--- Task to complete ---
Please report each line of the data below that contains "template".

(Short web captions)
BEGIN

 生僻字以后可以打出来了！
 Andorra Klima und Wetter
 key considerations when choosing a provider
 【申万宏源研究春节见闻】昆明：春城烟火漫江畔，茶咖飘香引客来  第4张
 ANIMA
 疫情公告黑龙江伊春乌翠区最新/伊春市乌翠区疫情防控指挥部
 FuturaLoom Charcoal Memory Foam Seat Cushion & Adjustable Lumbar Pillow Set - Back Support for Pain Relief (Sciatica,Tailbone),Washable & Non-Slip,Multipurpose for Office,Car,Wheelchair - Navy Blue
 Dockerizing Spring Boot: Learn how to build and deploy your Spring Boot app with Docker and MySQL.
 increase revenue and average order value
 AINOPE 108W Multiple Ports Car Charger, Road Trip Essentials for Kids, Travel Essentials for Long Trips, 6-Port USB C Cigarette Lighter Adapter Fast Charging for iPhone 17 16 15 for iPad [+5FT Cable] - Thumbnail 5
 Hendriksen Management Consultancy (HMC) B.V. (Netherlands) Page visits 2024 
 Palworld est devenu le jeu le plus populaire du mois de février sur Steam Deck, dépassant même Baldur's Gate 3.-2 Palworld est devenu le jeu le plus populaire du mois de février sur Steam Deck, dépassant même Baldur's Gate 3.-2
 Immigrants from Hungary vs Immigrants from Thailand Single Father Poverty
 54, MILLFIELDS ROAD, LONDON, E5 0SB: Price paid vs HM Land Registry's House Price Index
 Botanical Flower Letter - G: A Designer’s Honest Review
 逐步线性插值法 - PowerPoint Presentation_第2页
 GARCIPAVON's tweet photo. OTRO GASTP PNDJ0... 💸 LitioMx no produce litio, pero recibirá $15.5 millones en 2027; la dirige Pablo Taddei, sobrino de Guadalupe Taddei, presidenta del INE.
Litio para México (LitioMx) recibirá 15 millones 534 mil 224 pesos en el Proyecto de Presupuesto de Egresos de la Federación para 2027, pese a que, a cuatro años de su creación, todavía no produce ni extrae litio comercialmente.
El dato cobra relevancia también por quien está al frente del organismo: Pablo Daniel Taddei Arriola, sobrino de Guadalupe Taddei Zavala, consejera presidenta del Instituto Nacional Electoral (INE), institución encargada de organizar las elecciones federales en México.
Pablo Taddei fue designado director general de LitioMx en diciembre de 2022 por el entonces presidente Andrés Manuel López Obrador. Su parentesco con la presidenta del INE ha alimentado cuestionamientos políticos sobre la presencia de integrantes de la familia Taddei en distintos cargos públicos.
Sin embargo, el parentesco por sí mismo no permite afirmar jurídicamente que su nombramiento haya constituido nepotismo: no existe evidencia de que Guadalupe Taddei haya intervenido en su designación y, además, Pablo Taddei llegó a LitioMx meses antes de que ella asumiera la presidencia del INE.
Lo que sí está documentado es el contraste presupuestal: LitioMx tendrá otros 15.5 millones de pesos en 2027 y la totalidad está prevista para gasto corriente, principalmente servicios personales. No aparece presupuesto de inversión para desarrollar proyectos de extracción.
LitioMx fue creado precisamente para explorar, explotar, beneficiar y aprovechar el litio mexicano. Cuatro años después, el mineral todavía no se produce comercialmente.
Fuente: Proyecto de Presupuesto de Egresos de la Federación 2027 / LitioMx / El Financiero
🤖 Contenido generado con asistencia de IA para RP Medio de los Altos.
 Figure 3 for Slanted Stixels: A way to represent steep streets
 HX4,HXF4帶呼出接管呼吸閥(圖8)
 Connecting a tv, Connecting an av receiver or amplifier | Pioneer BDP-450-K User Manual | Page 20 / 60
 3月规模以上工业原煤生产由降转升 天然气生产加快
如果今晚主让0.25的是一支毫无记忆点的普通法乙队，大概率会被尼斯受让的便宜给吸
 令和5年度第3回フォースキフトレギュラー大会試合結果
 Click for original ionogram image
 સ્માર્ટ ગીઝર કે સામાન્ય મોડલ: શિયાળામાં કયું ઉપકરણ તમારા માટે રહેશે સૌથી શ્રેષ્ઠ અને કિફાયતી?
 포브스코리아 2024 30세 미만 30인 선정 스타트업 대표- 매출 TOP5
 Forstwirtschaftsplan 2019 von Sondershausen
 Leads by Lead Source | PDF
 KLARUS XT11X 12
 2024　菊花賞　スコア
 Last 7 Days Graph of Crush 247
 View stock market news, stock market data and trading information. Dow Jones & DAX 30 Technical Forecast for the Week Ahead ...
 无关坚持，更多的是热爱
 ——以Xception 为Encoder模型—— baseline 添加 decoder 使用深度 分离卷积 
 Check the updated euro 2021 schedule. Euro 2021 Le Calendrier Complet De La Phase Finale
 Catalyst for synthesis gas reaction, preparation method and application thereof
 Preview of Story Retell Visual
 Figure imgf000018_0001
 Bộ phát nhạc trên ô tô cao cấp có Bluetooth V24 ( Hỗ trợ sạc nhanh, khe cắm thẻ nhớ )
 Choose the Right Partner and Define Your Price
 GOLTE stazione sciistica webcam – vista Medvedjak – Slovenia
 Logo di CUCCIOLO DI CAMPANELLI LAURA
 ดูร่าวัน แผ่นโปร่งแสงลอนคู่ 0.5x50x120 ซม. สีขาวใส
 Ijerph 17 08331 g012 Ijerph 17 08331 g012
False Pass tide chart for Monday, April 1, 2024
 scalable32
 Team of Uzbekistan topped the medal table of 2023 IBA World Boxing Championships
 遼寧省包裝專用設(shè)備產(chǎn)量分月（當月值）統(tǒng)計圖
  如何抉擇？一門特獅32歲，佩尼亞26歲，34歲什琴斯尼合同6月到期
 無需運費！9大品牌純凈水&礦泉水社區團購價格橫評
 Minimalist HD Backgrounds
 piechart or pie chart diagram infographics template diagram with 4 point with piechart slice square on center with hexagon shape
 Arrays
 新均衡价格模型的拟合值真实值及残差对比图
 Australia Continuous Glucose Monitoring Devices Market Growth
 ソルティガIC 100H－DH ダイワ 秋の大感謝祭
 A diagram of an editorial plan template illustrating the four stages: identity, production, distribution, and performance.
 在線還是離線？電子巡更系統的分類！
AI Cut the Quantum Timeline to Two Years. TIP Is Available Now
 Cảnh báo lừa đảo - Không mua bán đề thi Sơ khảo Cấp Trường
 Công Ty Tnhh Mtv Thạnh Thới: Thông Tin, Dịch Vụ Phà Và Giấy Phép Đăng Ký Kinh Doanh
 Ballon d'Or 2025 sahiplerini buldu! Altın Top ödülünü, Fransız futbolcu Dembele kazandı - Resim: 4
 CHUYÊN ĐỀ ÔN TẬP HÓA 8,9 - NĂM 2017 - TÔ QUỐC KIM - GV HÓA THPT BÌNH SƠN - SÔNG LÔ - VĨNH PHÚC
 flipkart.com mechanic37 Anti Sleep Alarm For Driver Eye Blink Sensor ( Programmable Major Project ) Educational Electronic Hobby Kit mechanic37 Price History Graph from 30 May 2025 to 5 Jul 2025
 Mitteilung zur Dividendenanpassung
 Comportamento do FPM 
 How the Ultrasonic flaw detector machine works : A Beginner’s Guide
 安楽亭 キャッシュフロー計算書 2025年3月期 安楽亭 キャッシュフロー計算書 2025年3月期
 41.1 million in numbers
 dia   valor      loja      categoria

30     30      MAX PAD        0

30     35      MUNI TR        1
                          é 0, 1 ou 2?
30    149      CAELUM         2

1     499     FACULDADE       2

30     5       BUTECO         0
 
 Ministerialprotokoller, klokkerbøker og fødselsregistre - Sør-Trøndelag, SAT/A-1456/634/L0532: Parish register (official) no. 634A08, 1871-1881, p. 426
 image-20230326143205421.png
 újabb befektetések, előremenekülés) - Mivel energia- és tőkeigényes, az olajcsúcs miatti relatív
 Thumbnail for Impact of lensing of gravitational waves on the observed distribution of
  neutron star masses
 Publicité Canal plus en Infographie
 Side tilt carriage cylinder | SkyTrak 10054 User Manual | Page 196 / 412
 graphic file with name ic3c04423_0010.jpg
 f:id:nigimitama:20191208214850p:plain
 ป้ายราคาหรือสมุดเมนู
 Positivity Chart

END

--- Result ---
 piechart or pie chart diagram infographics template diagram with 4 point with piechart slice square on center with hexagon shape
 A diagram of an editorial plan template illustrating the four stages: identity, production, distribution, and performance.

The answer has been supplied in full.